Mistake 3: Neglecting the sandbox
Running an LLM on unsandboxed code to look for vulnerabilities is like giving a knife to someone in a gas-filled room. The study on Z3-Based Verification shows that even Anthropic makes no compromises on this. Neither should you.
Mistake 4: Upstreaming findings in bulk
A maintainer who receives a report with 200 vulnerabilities all at once will classify it as spam. Prioritize, sort by exploitability, and upstream based on the target project's absorption capacity.
❓ Frequently Asked Questions
Is Claude Mythos available to the public?
No. For now, Mythos Preview is only accessible as part of Project Glasswing, by invitation from Anthropic.
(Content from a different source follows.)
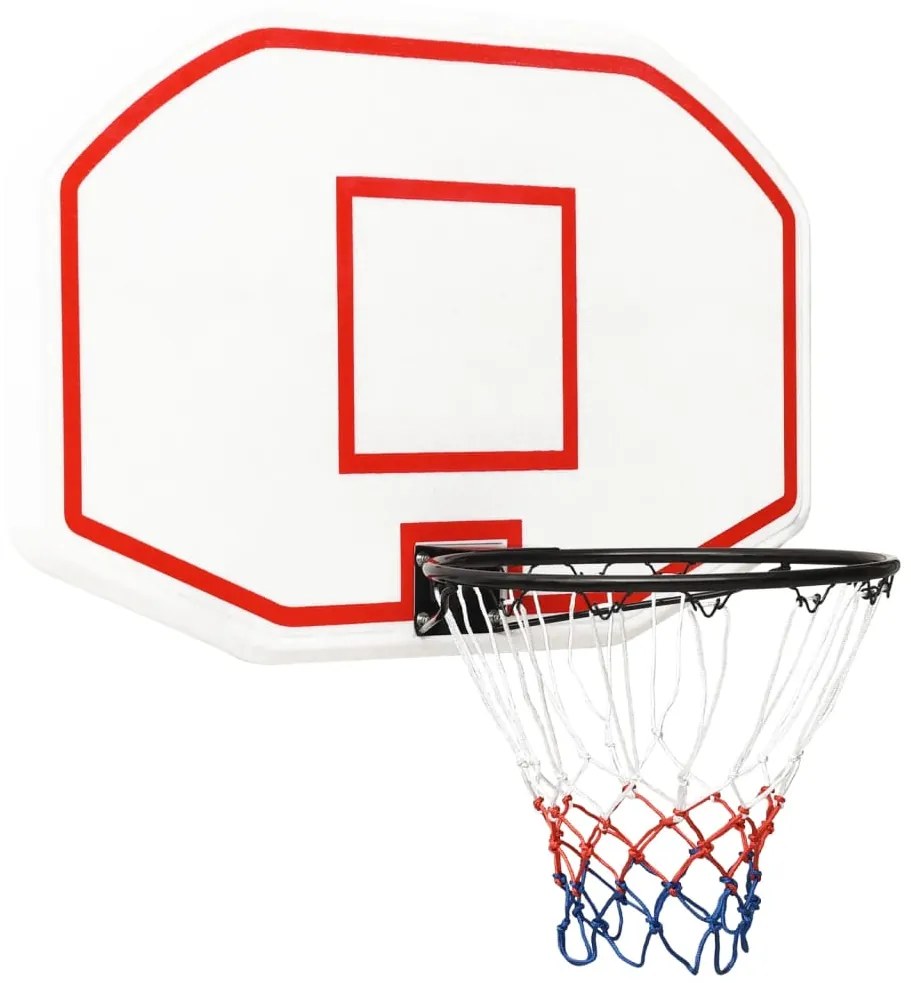 93662 vidaXL Tabela de basquetebol 109x71x3 cm polietileno branco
There is no public API or self-hosted version.
What types of software do the 10,000 vulnerabilities affect?
A mix of critical open source libraries (parsing, crypto, networking), cloud infrastructure components, and proprietary code from partners. The most common CVSS categories are injections, memory corruptions, and authorization vulnerabilities.
Is a 1% patching rate really surprising?
Not if you look at historical data. The average patch time for a CVE vulnerability is 60 to 120 days according to industry studies. With 10,000 findings in one month, even a patch time of 30 days would yield a very low remediation rate on day zero. The problem is volume, not individual slowness.
Does Mythos replace fuzzers?
No, it's complementary. Fuzzers remain excellent for finding crashes in parsers and binary formats, at a very low cost. Mythos excels at business logic, state machines, and permission graphs. Together, the two cover more ground.
Which Claude model is used behind Mythos?
Claude Mythos Preview is based on the Claude Opus family, with specific adaptations for security reasoning. Claude Opus 4.7 (Adaptive), Anthropic's most powerful agentic model (94.3 on the agentic benchmark), is the likely base.
✅ Conclusion
Glasswing proves that Claude Mythos can multiply vulnerability discovery by 10 — but above all, it proves that the software industry's patching pipeline is not scaled for this reality. 10,000 findings and 97 patches: the bottleneck has shifted sides, and it must be addressed with the same urgency we put into improving detection. The next battle in software security will not be won with better scanners, but with better remediation processes.